In order to replenish the microplants with the elements of the nutrient medium and to remove the necrotic parts of the explant, after 30 days three passages of the growing samples (R0, R1, R2) were moved to a new nutrient medium [41]. At stages R0–R2, the plants’ survival rate was evaluated. It was determined as a percentage and calculated as the ratio of the initial number of explants to the total number of formed explants. The reproduction coefficient was calculated as the ratio of the sum of the micro-shoots formed in the explants to the initial number of shoots in explants. The percentage of plant samples affected by necrosis and mold was calculated as the ratio of affected explants to the total number of explants.

2.3. Plant Adaptation in the Climatic Chamber with LED Lighting System

Before the adaptation stage, the microplants were taken out from the glass flasks, and the root system was washed with distilled water and then immersed in a 0.01% solution of potassium permanganate (KmnO₄) for 5 s.

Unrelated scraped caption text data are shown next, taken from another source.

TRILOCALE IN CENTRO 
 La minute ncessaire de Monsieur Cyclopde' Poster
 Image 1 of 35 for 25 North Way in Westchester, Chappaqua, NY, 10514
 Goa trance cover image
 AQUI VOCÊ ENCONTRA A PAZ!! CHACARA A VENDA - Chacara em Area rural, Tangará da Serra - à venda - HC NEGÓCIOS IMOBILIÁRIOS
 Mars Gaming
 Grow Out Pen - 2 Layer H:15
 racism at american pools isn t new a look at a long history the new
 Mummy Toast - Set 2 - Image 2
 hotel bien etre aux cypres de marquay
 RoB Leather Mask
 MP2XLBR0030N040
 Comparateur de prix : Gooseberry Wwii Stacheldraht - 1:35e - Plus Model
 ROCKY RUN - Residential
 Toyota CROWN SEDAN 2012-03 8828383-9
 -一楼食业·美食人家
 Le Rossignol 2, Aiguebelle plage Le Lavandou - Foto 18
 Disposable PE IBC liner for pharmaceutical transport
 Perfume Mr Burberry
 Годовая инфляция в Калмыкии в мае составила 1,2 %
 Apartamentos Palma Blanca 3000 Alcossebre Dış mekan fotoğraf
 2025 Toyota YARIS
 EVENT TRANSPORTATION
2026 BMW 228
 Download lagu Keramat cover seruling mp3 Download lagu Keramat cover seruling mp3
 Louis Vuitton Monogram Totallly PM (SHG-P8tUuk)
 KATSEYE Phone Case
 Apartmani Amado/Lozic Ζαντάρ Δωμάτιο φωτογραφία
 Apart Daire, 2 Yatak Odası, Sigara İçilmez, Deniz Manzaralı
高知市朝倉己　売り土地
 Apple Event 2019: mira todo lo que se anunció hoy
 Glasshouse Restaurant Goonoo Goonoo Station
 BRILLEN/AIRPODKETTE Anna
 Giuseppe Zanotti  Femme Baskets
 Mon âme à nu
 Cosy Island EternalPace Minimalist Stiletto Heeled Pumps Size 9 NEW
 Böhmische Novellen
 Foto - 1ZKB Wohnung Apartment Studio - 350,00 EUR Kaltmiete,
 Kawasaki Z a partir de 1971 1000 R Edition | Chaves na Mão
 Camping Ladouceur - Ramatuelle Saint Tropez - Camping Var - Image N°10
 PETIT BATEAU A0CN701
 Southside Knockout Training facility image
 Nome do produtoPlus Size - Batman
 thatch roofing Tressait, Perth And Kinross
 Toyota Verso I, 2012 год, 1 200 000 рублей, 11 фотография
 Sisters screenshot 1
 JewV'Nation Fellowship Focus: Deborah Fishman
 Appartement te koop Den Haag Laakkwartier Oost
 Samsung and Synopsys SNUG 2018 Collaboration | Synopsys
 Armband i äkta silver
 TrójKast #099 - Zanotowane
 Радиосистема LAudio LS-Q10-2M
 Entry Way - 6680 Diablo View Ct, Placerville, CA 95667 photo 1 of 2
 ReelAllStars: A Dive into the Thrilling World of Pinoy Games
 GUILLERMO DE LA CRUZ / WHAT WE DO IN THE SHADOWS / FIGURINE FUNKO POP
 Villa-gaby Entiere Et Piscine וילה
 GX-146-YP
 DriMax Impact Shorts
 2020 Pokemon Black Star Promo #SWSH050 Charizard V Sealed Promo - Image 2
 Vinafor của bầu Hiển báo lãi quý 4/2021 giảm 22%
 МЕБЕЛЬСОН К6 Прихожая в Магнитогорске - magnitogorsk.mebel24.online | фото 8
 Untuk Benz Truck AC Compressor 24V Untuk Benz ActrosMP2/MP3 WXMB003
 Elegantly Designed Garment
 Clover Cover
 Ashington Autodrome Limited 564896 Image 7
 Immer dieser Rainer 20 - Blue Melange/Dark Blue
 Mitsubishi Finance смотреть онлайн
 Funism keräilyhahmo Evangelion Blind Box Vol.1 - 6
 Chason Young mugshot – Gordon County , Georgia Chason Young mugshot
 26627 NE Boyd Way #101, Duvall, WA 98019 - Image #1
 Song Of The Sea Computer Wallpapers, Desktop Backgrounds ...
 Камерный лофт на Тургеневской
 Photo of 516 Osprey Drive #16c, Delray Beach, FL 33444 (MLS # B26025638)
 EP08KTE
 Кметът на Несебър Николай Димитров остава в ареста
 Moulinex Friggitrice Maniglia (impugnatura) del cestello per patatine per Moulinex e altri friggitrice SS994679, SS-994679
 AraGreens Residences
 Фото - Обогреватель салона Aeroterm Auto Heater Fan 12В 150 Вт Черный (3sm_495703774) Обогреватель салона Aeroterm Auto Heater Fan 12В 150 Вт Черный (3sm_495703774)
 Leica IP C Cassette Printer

After that, the plants were transferred to pots with substrate volume of 0.5 L. Neutralized peat “Agrobalt-N” of 0–20 mm fraction (Rostorfinvest, Moscow, Russia) and agroperlite of 0.1–1.0 mm fraction (Agricola, Voskresensk, Russia) were used as a substrate. The ratio of agroperlite and peat was 1:3.

The adaptation of red currant microplants was carried out for 28 days in a climate chamber developed by the Federal Scientific Agroengineering Center VIM (FSAC VIM, Moscow, Russia). The chamber volume was 0.98 m³, the maintained temperature was +22 ± 2 °C, the initial humidity was 96% ± 2. Over the 28 days, the humidity decreased by an average of 1.8% per day. By the end of the adaptation period, the humidity was 45% ± 2. A drip irrigation system was used to water the plants. Watering was carried out once a day, for a duration of 30 s per the plant. The volume of water for watering one plant was 25 mL. The management of water resources is based on the biological characteristics and recommendations for Ribesia [26,42,43].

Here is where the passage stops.